Keynes: Revisionist Thinker
Book Review
John Maynard Keynes: The Economist as Savior – 1920-1937, by Robert Skidelsky. New York: Viking Penguin, 1994. 731 pages. $37.50. ISBN 0713-99110-0 (v. 2).
Andrew Gray, a writer and translator, is former office director in the US Department of Commerce. He lives in Washington, DC.
This is the second in the three-volume biography that promises to be one of the most intriguing and suggestive of our time. Lord Keynes, of course, deserves no less. Seldom has an intellect challenged accepted beliefs or traditional wisdom with deeper skepticism or vaster results. He was, in other words, a revisionist par excellence.

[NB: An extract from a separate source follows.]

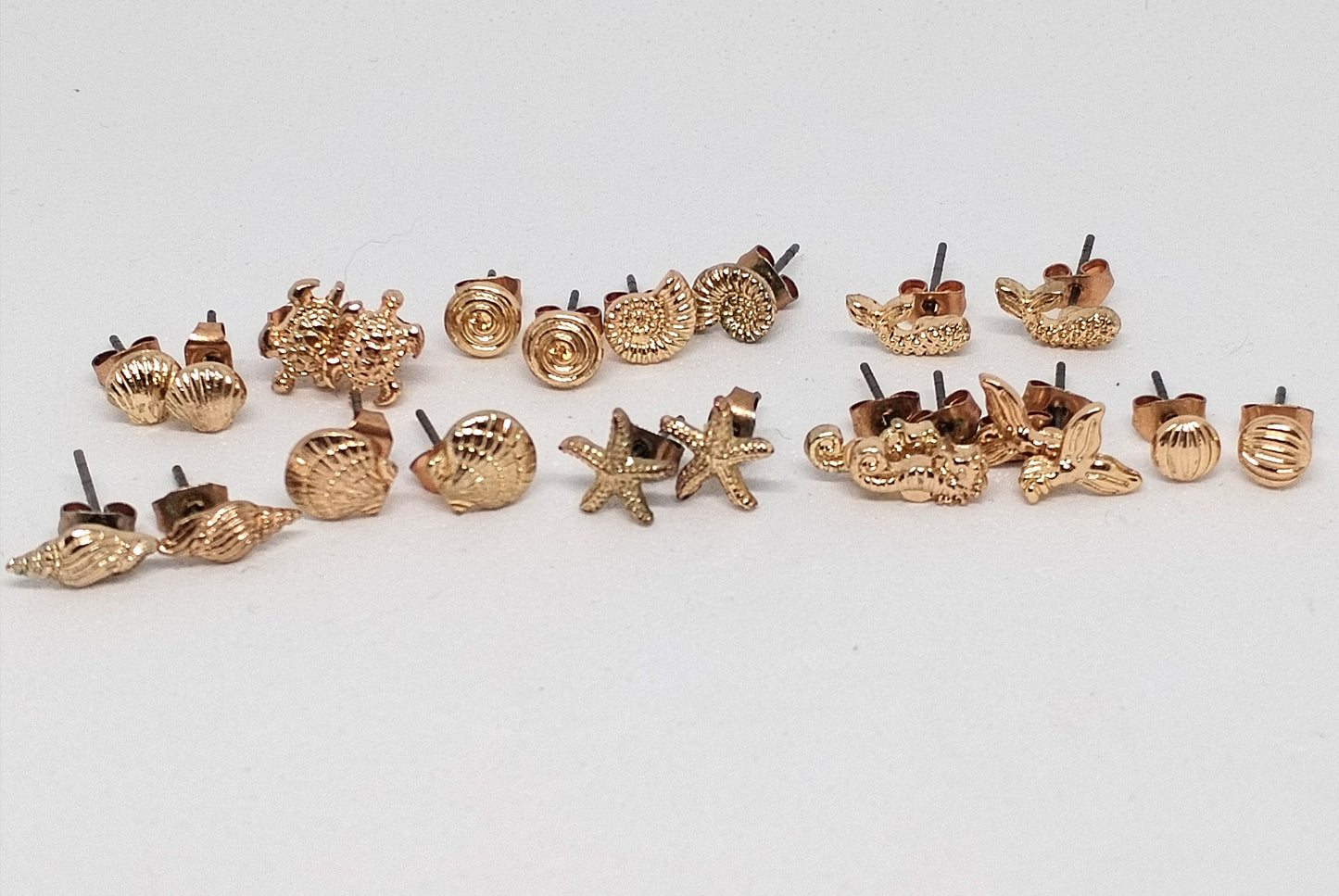 Beach gold stud bundle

The first volume carried us through the writing of The Economic Consequences of the Peace – that indictment of the Versailles Treaty which reads as freshly today as when first penned, and which made the author world-famous. This book takes us through the writing of The General Theory of Employment, Interest, and Money, which changed the nature of “the dismal science.” It concludes with the heart attack in 1937 that presaged a relatively early death but left time for the monumental achievement at Bretton Woods in 1944 – the design and eventual establishment of a workable world monetary order.
The author, now Lord Skidelsky, adores his subject. And why not? In what other individual in this century had such a panoply of gifts been united under one brow? And such a civilized man (though not always civil) – so convivial, so witty, so trenchant. The only trouble, from Lord Skidelsky's standpoint, is that Keynes was also strongly pro-German. For this he had not been easily forgiven either within the economics profession or outside it – and this aspect of his life and character is resolutely downplayed in this book.
Keynes sympathized with the German cause and predicament in the aftermath of World War I. This was revisionism in the grand manner, and with many parallels to the revisionism of our own time. Compare, for example, the war reparations claims of France and England (and the other Allies, too) of the 1920s with the “Holocaust” claims of recent decades. Much of what Keynes had to say about the former applies to the latter just as well. There was a reparations “industry,” as well, with many income streams at stake and an attendant unwillingness to consider the harmful consequences of such continuous extortion. Keynes accused Allied statesmen and bankers of willful self-delusion, self-dealing, and propagandistic excess. It all has a familiar ring.
Actually, economists have widely admitted that Adolf Hitler was himself an unwitting Keynesian and even anticipated several doctrines of the The General Theory (first published in 1936). “Liquidity preference” and “marginal utility” were not concepts for which the Führer had precise German equivalents, but he well understood the “money illusion” and the practical remedies required when “effective demand” produced “equilibrium” at less than full employment. The extent to which Hitler employed actual Keynesian arguments in his attacks upon the Young Plan and the entire reparations system of the 1920s is an open question, as we lack transcripts of most of his speeches from these transitional years. It is more than likely, however, that the two men were saying much the same thing on the subject and at the same time. Lord Skidelsky regrettably does not go into all this.
Keynes himself underscored his sympathy for things German, and his awareness that the economic policies of the early National Socialist years were largely a prefiguration of his own doctrines, by contributing a special preface to a 1930s German edition of The General Theory. Skidelsky chooses not to go into this matter in any significant detail, but certainly not from lack of appreciation of its implicit import. He is, after all, the author of workmanlike and not unsympathetic 1975 biography of Sir Oswald Mosley, and has published widely on the subject of British fascism (a questionable but inevitable term).
Not that Keynes himself had personal sympathy for National Socialism, though he may have admired its “animal spirits.” Nor was he anti-Semitic in any significant sense. The unease he causes today on this subject stems from the fact that he was also not specifically pro-Semitic. (Philosemitism seems to be a requirement in the economics profession these days.)
Much of the charm of this volume is rooted in the wholly improbable marriage of Keynes to a Russian ballerina, Lydia Lopokova. She steals the literary show much of the time with her muscovite English (such as her description of the Sitwell family as suffering from “undeveloped arrestedness”). An accomplished actress as well as dancer, she was up to her husband in a palpable but indefinable way – perhaps even in the manner of Cosima Wagner.
Bibliographic information about this document: The Journal of Historical Review, vol. 15, no. 1 (January/February 1995), pp. 44f.